Ambiente

Le risorse del futuro: nuove politiche economiche per governare lo sviluppo

L’intelligenza artificiale e le tecnologie digitali stanno trasformando le economie più rapidamente di qualsiasi precedente ondata di innovazione. Il cambiamento climatico non è più un rischio distante, ma una realtà vissuta che ridisegna il modo in cui costruiamo, ci muoviamo e consumiamo. Nel frattempo, l’ordine globale che un tempo prometteva prosperità e persino pace attraverso i mercati liberi e le lunghe catene del valore si sta frantumando. Le guerre in Ucraina e a Gaza, l’ondata protezionistica negli Stati Uniti e la strategia assertiva di lungo periodo della Cina indicano un mondo in cui l’interdipendenza non garantisce più stabilità. Al centro di questi sconvolgimenti si colloca la questione spesso trascurata delle risorse. Litio, cobalto, nichel e terre rare non sono semplici commodities: costituiscono l’ossatura delle transizioni verde e digitale e abilitano in modo decisivo la potenza militare. La loro criticità deriva meno dalla geologia che dalla geografia: chi estrae, chi lavora, chi controlla. L’estrazione è distribuita in modo diseguale a livello globale, la lavorazione è concentrata in Cina e la domanda è trainata dalle grandi economie industriali. Questa asimmetria genera vulnerabilità sistemiche sia per i produttori sia per i consumatori.

Questa lecture esplora come il collasso del paradigma della globalizzazione anni ‘90, la divergenza delle strategie di Stati Uniti e Unione europea e l’azione del Sud globale stiano ridisegnando la politica delle risorse – e quali implicazioni ciò comporti per costruire futuri più resilienti e giusti… Nei dibattiti globali su clima, tecnologia e sicurezza, le risorse appaiono spesso sullo sfondo – come se fossero semplicemente fattori di produzione da gestire. Eppure, in questo momento di crisi e transizione, queste assumono un ruolo centrale. Le tecnologie digitali e l’intelligenza artificiale stanno trasformando le economie più rapidamente di qualsiasi innovazione precedente. Il cambiamento climatico non è più un rischio astratto, ma una realtà materiale che ridefinisce il modo in cui costruiamo, ci muoviamo e consumiamo. Nel frattempo, l’ordine globale che prometteva efficienza – e persino pace – attraverso i mercati liberi e le lunghe catene di approvvigionamento si sta deteriorando.

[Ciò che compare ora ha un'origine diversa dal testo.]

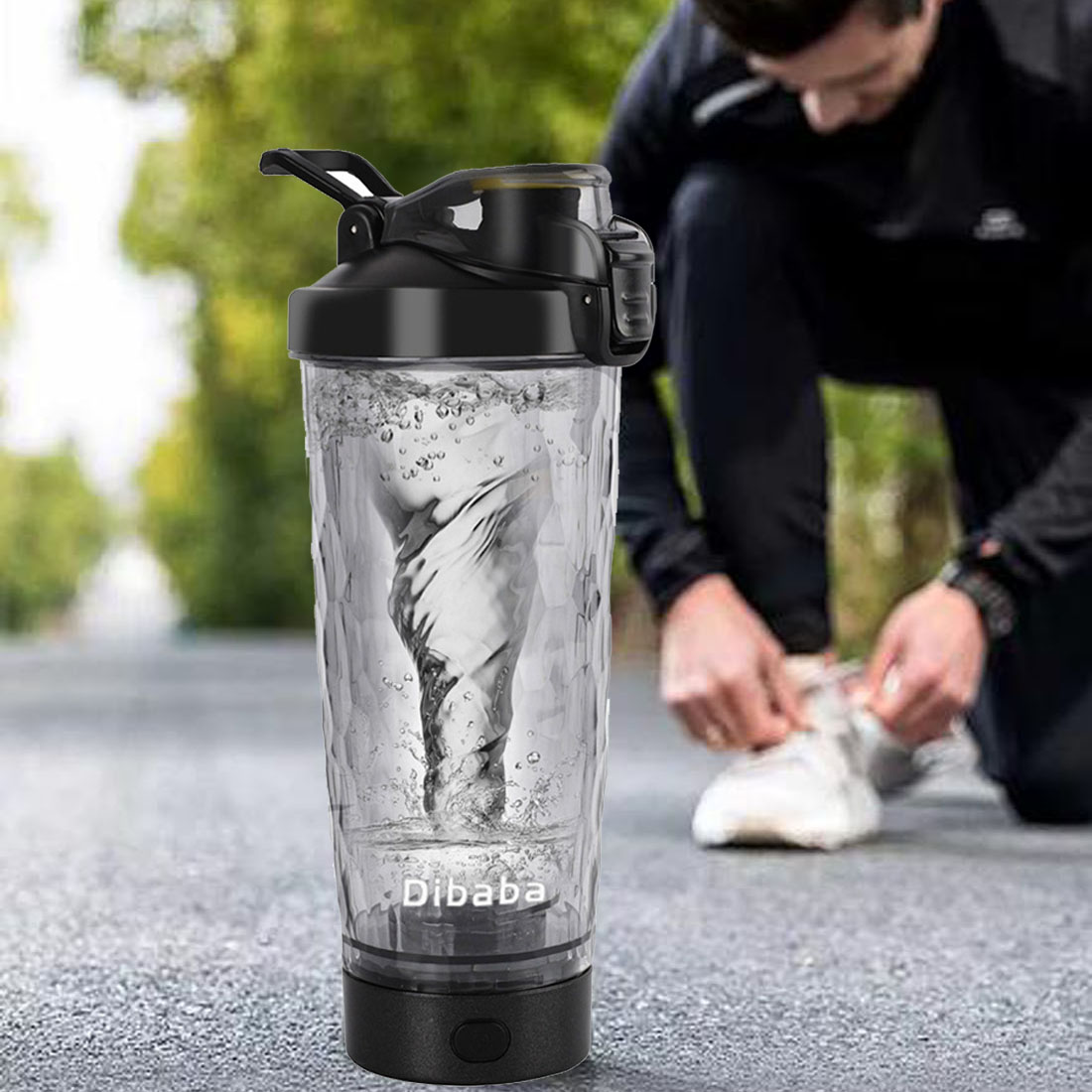 Protein Bar - 700ml Elektrische Eiwit Poeder Mengbeker Automatische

Le guerre in Ucraina e a Gaza, l’ascesa del protezionismo negli Stati Uniti e l’assertività strategica della Cina indicano nella direzione di un mondo in cui l’interdipendenza non garantisce più stabilità. Un aspetto spesso trascurato in questa discussione è che le risorse non sono mai neutrali. Non sono intrinsecamente “preziose” o “scarse”. Ciò che chiamiamo risorsa è un costrutto sociale e tecnologico, modellato da traiettorie di innovazione, possibilità di sviluppo economico e contese geopolitiche… Il titolo di questa serie di Veca Lectures, Dalla crisi alla cura, ricorda che il compito non è solo quello di diagnosticare crisi, ma di elaborare risposte. Con le Mpc, la posta in gioco è chiara. Non sono soltanto componenti della produzione, ma elementi fondanti delle società che stiamo costruendo. La domanda è: riprodurremo vecchi schemi di estrazione e dipendenza, o useremo questo momento per costruire nuove alleanze, nuove strategie industriali e nuove forme di cooperazione? L’Europa non può permettersi di trattare i paesi ricchi di risorse come semplici fornitori da gestire. Deve coinvolgerli come partner, riconoscendone l’agency e le priorità. Come ha avvertito l’European council on foreign relations, i governi africani sono meno interessati a checklist Esg che a lavoro, infrastrutture e industrializzazione – ambiti in cui Cina e Paesi del Golfo già offrono pacchetti attraenti.

Se l’Europa non allinea la propria proposta a queste priorità, la sua offerta resterà poco convincente. In fin dei conti, la resilienza non deriverà solo da una maggiore regolamentazione. L’Ue ha bisogno di riforme concrete per sbloccare investimenti e finanziamenti, rafforzare estrazione e lavorazione interne e sviluppare capacità lungo l’intera catena del valore. Deve valorizzare i propri vantaggi comparati – nell’ingegneria, nei servizi ambientali e nella ricerca e sviluppo – integrandoli in un più ampio rinnovamento industriale. Solo combinando riforme interne con partnership credibili all’estero, l’Europa potrà conciliare la promessa delle transizioni verde e digitale con una ridotta vulnerabilità. Il futuro delle risorse non è tecnico. È politico. Le società che costruiremo rifletteranno le scelte che faremo – sul potere, sulla vulnerabilità e sui futuri che sceglieremo di curare.